I am converting a MATLAB script into R and regretting it so far, as it is slower at the moment. I'm trying to use "vectorized functions" as much as possible, but I'm relatively new to R and do not know what is meant by this. From my research for loops are only slower than the apply() method in R if you use loads of operators (including the parenthesis). Otherwise, I don't see what R could have done to slow down it further. Here is code that works that I want to speed up.
somPEs <- 9;
inputPEs <- 6;
initial_w <- matrix(1, nrow=somPEs, ncol=inputPEs)
w <- apply(initial_w, 1, function(i) runif(i));
# Reshape w to a 3D matrix of dimension: c(sqrt(somPEs), sqrt(somPEs), inputPEs)
nw <- array(0, dim=c(sqrt(somPEs), sqrt(somPEs), inputPEs))
for (i in 1:inputPEs) {
nw[,,i] <- matrix(w[i,], nrow=sqrt(somPEs), ncol=sqrt(somPEs), byrow=TRUE)
}
w <- nw;
In MATLAB, this code is executed by a built-in function called "reshape", as is done as below:
w = reshape(w,[sqrt(somPEs) sqrt(somPEs) inputPEs]);
I timed my current R code and it's actually super fast, but I'd still like to learn about vectorization and how to convert my code to apply() for readability's sake.
user system elapsed
0.003 0.000 0.002
The first step is to convert your array w
from 6x9
to 3x3x6
size, which in your case can be done by transposing and then changing the dimension:
neww <- t(w)
dim(neww) <- c(sqrt(somPEs), sqrt(somPEs), inputPEs)
This is almost what we want, except that the first two dimensions are flipped. You can use the aperm
function to transpose them:
neww <- aperm(neww, c(2, 1, 3))
This should be a good deal quicker than looping through the matrix and individually copying over data by row. To see this, let's look at a larger example with 10,000 rows and 100 columns (which will be mapped to a 10x10x10k matrix):
josilber <- function(w) {
neww <- t(w)
dim(neww) <- c(sqrt(dim(w)[2]), sqrt(dim(w)[2]), dim(w)[1])
aperm(neww, c(2, 1, 3))
}
OP <- function(w) {
nw <- array(0, dim=c(sqrt(dim(w)[2]), sqrt(dim(w)[2]), dim(w)[1]))

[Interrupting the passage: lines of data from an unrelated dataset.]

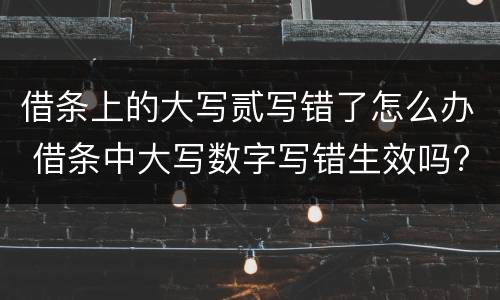 借条上的大写贰写错了怎么办 借条中大写数字写错生效吗?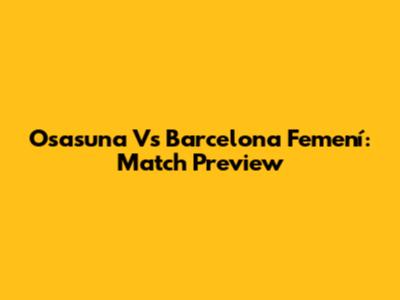 Osasuna Vs Barcelona Femení: Match Preview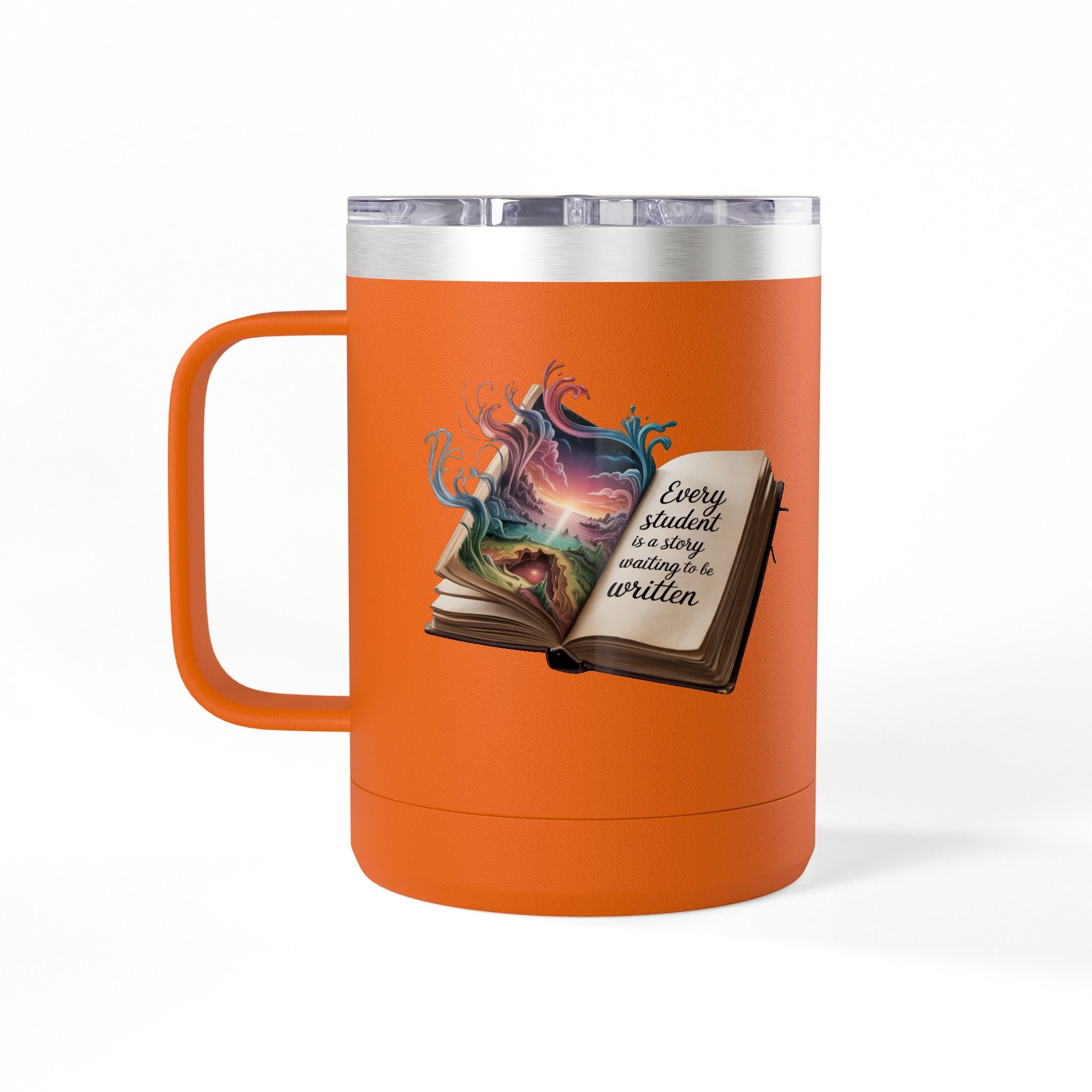 Every Student is a Story Waiting to be Written  - 15oz Teacher Coffee Mug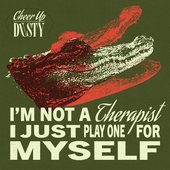 I'M NOT A THERAPIST I JUST PLAY ONE FOR MYSELF [Explicit]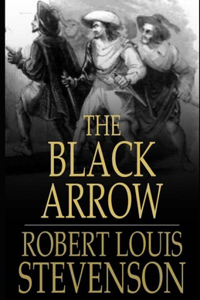 The Black Arrow (Illustrated)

for (i in 1:(dim(w)[1])) {
nw[,,i] <- matrix(w[i,], nrow=sqrt(dim(w)[2]), ncol=sqrt(dim(w)[2]), byrow=TRUE)
}
nw
}
bigw <- matrix(runif(1000000), nrow=10000, ncol=100)

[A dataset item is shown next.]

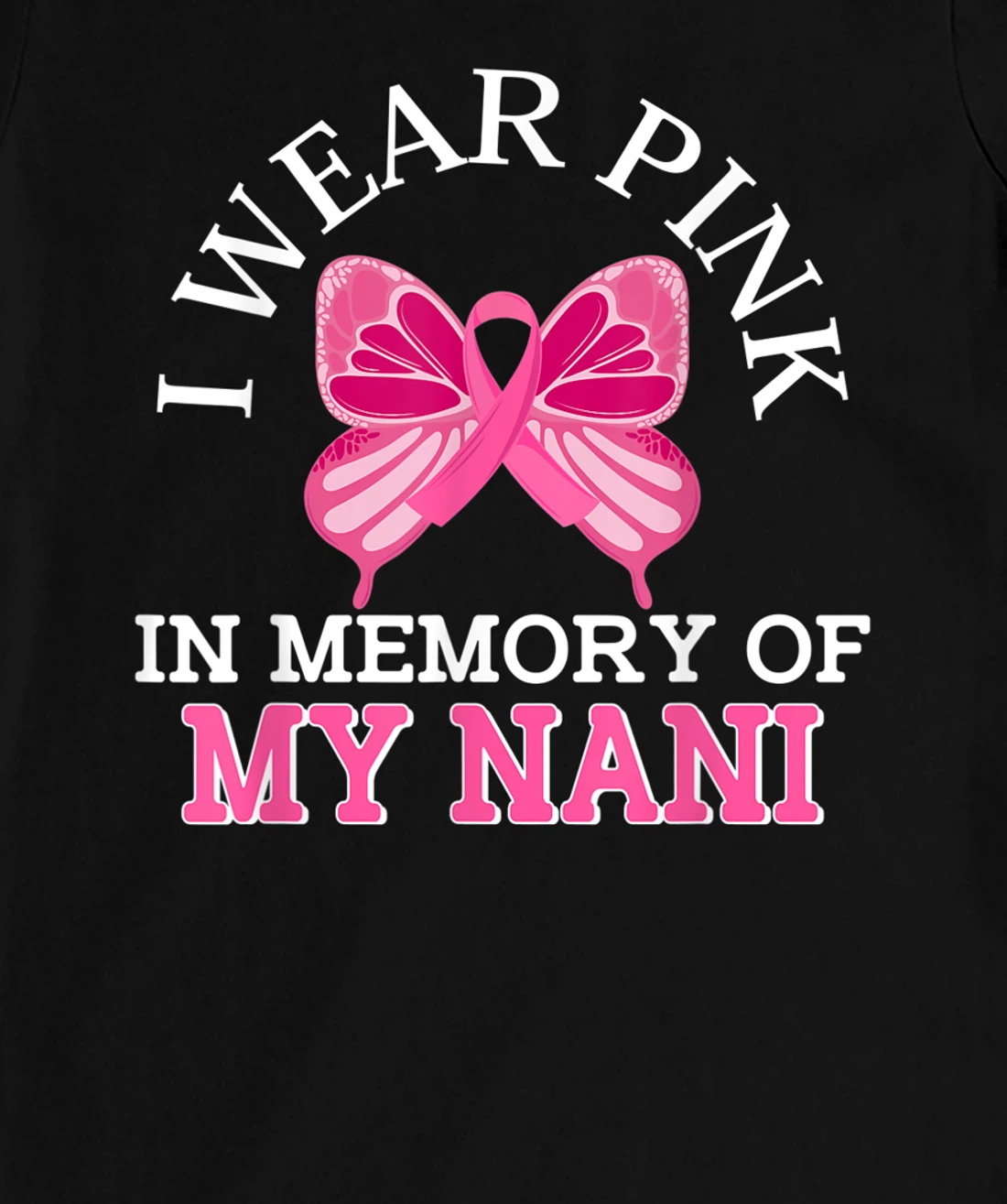 I Wear Pink In Memory Of My Nani Breast Cancer Awareness T-Shirt, Kid T-Shirt and Women T-Shirt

all.equal(josilber(bigw), OP(bigw))
# [1] TRUE
microbenchmark(josilber(bigw), OP(bigw))
# Unit: milliseconds
# expr min lq mean median uq max neval
# josilber(bigw) 8.483245 9.08430 14.46876 9.431534 11.76744 135.7204 100
# OP(bigw) 83.379053 97.07395 133.86606 117.223236 129.28317 1553.4381 100
The approach using t
, dim
, and aperm
is more than 10x faster in median runtime than the looping approach.